Menyikap hal itu. Pada 2023 dan 2024 kedepan Kemendag memiliki arah kebijakan dan sejumlah program prioritas. Beberpaa diantaranya memastukan stabilitas harga dna ketersesiaan barang pokok dan penting.

"Untuk perdagangan dalam negeri Kemendag selalu untuk lakukan strategi memperkuat ekosistem perdagangan. Strateginya penguatan logistik nasional, kemudian pemanfaatan teknologi digital serta menjaga iklim persaingan usaha yang sehat dan perlindungan konsumen yang memadai," sambung Hari.

 

2 dari 4 halaman

Bidik Ekspor Afrika-Asia Selatan

Kementerian Perdagangan mencatat pergerakan ekonomi global masih mengalami ketidakpastian pada 2023 ini. Untuk itu diperlukak siasat lain untuk tetap menjaga kinerja perekonomian Indonesia.
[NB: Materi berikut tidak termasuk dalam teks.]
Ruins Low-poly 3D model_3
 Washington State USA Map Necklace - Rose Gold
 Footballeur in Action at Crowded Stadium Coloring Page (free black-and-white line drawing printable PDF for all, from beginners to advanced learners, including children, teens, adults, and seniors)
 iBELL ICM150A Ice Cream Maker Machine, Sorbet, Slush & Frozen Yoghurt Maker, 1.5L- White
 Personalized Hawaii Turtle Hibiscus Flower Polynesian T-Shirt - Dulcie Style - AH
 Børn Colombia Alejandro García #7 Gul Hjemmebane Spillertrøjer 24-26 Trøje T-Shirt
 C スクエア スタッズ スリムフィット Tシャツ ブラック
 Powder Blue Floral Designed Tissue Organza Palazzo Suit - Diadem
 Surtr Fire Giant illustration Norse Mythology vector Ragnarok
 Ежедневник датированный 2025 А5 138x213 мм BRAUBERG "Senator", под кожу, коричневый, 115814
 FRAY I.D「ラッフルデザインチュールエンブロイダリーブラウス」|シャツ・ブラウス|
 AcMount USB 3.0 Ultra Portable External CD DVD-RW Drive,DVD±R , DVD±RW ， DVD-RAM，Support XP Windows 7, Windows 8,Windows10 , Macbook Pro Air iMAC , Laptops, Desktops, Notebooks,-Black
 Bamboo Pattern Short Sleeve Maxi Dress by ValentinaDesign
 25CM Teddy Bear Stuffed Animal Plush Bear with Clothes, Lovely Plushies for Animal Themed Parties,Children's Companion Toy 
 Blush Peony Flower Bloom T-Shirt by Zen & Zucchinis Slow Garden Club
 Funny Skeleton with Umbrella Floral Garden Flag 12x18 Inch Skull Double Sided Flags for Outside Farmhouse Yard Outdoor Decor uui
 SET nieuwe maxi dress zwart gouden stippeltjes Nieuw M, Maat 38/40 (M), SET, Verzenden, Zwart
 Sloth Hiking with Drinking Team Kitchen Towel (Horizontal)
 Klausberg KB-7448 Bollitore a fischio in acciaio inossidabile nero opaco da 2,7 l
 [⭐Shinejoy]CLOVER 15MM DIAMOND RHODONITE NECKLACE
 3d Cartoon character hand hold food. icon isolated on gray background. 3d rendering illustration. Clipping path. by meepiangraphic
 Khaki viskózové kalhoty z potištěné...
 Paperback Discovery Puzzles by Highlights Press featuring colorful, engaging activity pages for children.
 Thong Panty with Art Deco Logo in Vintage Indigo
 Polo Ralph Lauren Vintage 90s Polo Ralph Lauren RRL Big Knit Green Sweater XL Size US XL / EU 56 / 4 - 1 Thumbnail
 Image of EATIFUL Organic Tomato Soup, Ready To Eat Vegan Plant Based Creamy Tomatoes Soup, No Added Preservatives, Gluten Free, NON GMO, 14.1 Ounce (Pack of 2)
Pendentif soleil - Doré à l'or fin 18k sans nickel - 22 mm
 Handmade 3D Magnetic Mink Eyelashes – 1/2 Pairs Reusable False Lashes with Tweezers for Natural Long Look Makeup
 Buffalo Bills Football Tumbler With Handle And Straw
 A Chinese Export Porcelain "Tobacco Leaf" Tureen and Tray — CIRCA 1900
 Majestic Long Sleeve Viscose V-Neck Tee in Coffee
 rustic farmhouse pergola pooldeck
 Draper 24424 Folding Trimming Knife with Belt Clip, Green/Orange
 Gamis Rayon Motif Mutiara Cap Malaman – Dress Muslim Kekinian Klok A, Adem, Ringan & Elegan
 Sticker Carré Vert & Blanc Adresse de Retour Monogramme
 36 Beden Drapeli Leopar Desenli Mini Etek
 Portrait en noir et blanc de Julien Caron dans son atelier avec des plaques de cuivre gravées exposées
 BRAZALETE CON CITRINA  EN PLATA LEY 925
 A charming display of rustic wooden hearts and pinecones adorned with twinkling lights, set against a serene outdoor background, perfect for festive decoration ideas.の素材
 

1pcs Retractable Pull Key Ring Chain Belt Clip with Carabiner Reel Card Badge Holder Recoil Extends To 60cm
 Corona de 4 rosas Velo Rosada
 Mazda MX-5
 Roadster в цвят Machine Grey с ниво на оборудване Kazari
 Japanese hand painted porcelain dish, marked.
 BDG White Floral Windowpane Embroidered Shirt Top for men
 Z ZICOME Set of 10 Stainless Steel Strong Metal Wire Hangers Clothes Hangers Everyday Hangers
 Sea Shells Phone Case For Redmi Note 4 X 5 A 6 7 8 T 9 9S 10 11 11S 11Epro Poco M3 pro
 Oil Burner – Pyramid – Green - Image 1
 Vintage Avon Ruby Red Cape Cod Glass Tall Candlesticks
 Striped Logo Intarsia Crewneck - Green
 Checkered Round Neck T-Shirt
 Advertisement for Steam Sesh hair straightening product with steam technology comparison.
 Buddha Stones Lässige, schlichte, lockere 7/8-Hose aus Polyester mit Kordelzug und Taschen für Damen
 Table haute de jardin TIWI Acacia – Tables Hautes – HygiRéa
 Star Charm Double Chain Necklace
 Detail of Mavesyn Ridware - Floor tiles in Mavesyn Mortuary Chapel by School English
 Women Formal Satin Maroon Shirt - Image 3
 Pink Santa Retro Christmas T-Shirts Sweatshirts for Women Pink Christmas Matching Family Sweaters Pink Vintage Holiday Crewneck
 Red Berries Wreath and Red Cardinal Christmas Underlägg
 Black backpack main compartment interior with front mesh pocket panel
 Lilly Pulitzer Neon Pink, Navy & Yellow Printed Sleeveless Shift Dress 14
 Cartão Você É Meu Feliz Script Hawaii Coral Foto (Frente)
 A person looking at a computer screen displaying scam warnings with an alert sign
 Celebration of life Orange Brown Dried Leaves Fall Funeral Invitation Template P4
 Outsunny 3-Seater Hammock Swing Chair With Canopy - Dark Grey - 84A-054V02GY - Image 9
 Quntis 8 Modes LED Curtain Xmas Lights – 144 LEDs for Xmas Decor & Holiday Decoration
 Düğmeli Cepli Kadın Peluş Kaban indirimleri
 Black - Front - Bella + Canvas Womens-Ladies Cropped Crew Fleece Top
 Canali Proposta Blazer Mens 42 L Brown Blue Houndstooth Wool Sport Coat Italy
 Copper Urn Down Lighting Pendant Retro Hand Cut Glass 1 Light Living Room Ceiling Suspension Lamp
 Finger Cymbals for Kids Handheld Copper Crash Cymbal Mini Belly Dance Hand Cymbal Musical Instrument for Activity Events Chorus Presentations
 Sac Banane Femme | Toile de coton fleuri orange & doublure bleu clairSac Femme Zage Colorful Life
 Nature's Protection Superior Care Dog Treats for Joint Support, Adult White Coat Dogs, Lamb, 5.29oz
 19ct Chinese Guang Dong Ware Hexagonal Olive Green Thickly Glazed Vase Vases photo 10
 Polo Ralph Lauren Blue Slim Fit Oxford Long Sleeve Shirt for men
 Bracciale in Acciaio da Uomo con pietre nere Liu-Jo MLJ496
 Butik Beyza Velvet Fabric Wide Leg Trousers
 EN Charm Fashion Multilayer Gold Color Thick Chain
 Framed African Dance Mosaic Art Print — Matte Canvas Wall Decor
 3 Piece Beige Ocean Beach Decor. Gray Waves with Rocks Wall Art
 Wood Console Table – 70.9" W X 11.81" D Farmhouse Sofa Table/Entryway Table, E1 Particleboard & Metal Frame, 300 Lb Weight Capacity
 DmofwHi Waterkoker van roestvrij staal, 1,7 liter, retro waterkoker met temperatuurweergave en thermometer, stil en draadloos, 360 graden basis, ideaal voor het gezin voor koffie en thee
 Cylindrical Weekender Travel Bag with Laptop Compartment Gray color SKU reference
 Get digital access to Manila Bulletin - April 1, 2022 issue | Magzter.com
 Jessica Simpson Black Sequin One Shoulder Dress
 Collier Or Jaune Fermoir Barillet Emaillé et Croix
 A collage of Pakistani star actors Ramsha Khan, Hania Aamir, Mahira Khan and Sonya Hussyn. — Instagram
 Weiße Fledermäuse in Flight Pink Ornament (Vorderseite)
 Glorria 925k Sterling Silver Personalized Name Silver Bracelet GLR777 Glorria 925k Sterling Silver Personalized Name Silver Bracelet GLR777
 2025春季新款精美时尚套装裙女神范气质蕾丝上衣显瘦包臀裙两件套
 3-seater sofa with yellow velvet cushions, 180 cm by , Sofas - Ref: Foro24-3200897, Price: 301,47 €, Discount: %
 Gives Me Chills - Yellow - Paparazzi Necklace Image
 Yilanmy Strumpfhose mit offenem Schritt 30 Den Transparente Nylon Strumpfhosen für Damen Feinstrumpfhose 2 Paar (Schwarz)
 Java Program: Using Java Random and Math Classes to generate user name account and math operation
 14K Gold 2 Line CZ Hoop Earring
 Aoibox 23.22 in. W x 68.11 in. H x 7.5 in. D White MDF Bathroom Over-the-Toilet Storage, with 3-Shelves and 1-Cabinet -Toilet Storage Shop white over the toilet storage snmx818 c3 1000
Salah satu yang dibidik oleh Kemendag adalah pasar ekspor non tradisional Indonesia. Artinya, ada wilayah-wilayah baru yang bakal dioptimalkan sebagai tujuan ekspor.

Sekretaris Badan Kebijakan Perdagangan Kemendag Hari Widodo menyampaikan, setidaknya ada 3 wilayah yang jadi target. Yakni, Afrika, Timur Tengah, dan Asia Selatan. Pilihan ini menurutnya bakal diperkuat melihat adanya pelemahan pertumbuhan ekonomi di negara-negara barat.

"Kemendag akan terus menggencarkan penetrasi ekspor ke pasar non tradisional seperti Asia Selatan, Afrika dan wilayah Timur Tengah," ujar dia dalam Diseminasi Hasil Analisis BKPerdag Tahun 2023, di Semarang, Jawa Tengah, Jumat (14/7/2023).

 

3 dari 4 halaman

Tren Ekspor

Menurut catatannya, ekspor RI ke Afrika mencapai USD 6,18 miliar pada 2022 lalu. Kemudian ekspor ke Timur Tengah bisa mencapai USD 10,23 miliar. Serta, ekspor ke wilayah Asia Selatan tercatat sebesar USD 32,01 miliar.

Angka-angka ini diproyeksi terus meningkat kedepannya. Mengingat adanya sejumlah potensi perdagangan antara Indonesia dan negara di tiga wilayah tadi.

"Di kawasan Asia Selatan misalnya, memiliki penduduk lebih dari 1,8 miliar dan PDB USD 4,43 triliun. Sementara Afrika dengan penduduk 1 miliar miliki PDB USD 2,98 triliun dan Timur Tengah yang meskipun jumlah pendudukannya sedikit namun memiliki PDB yang sangat besar USD 4,97 triliun," paparnya.

 

4 dari 4 halaman

Tantangan

Pada kesempatan itu, Hari meneranhkan, ketidakpaatian ekonomi global tercermin dari melemahnya proyeksi pertumbuhan ekonomi. Tahun ini, diperkirakan hany sekitar 2,8 persen.

Meski begitu, tingkat inflasi bisa diprediksi mengalami penurunan menjadi 7 persen dari sebelumnya 8,7 persen di 2022 lalu.

"Dalam kondisi global dan nasional yang dipenuhi berbagai tantangan, tugas menjaga dan meningkatkan kinerja perdagangan menjadi semakin kompleks," kata dia.

"Jadi ada beberapa tantangan yang perlu dihadapi oleh kita antara lain ancaman resesi dan stagflasi kemudian ada inflasi serta potensi food and energy crisis, meningkatnya penggunaan trade restriction dan trade remedies di berbagai negata untuk menghadapi ancaman krisis, kemusian meningkatnya itu multi dimensi, penurunan harga komoditas dunia dan terkait isu decarbonisation dan green trade," paparnya.